BY MT Newswires | ECONOMIC | 06:09 AM EST

06:09 AM EST, 12/09/2025 (MT Newswires) -- The Australian dollar (AUD) strengthened overnight Monday following the Reserve Bank of Australia's latest policy meeting, said MUFG.

It helped lift the AUD/USD rate to within touching distance of 0.6650 and extended the Australian dollar's position as the best-performing G10 currency so far this month, wrote the bank in a note to clients.

The Australian dollar has been boosted by hawkish comments from RBA Governor Michele Bullock, who stated "I don't think there are interest rate cuts on the horizon for the foreseeable future." Then added "the question is, is it just an extended hold from here or is it the possibility of a rate rise. I couldn't put a probability on those but I think they're the two things that the board will be looking closely at coming into the new year."

The comments send a clear signal that the RBA's easing cycle has come to an end, and will encourage market expectations that the central bank's next policy move is more likely to be a rate hike than a cut, stated MUFG. The RBA had already moved to price in a rate hike by the end of next year before this week's policy meeting, and has since moved to bring forward the potential timing of a hike to as early as March or May.

A faster shift to RBA hikes next year would reinforce the bank's bullish outlook for the Australian dollar, pointed out the bank.

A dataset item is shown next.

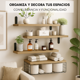 thumbnail image 2 of Repisas Flotantes De Madera Modernas Decorativas X4 Canasta, 2 of 7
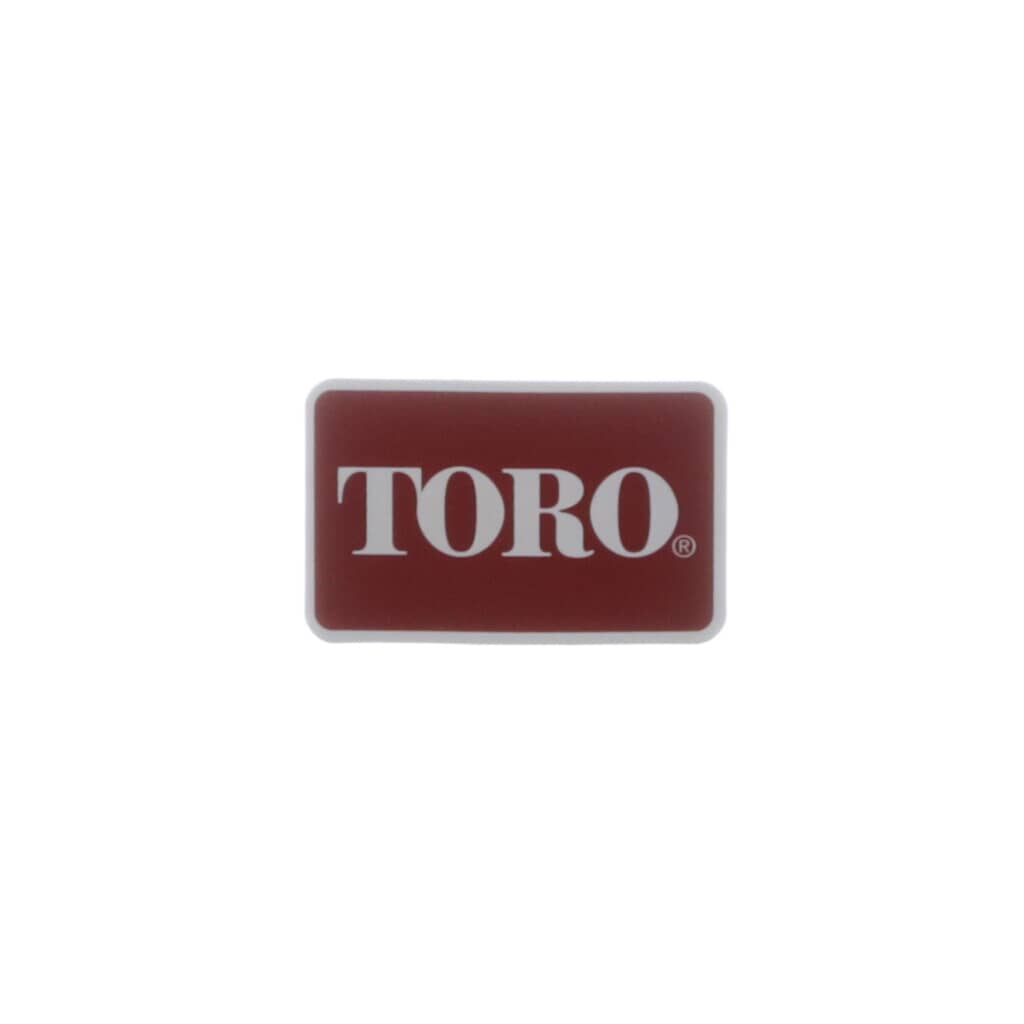 This is a genuine Toro 121-2396 DECAL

The hawkish change in tone from the RBA reflects concerns over the risk of a broad-based pick-up in inflation.

Governor Bullock noted that recent data suggests there may be more tightness in the economy. If inflation pressures persist, it would raise questions over the need for a rate hike, with the RBA board already uncomfortable with the level of inflation, added MUFG.

The RBA board now judges that inflation risks are tilted to the upside. Ultimately, whether the RBA leaves rates on hold or hikes rates next year will depend on the incoming economic data, but the RBA is already preparing the grounds to justify hiking rates, noted the bank.

The updated statement signaled that the RBA will "take a little longer to assess the persistence of inflationary pressures." A comment that could be interpreted as the RBA being in a position to raise rates by say Q2 of next year if they judge inflation pressures as persistent, according to MUFG.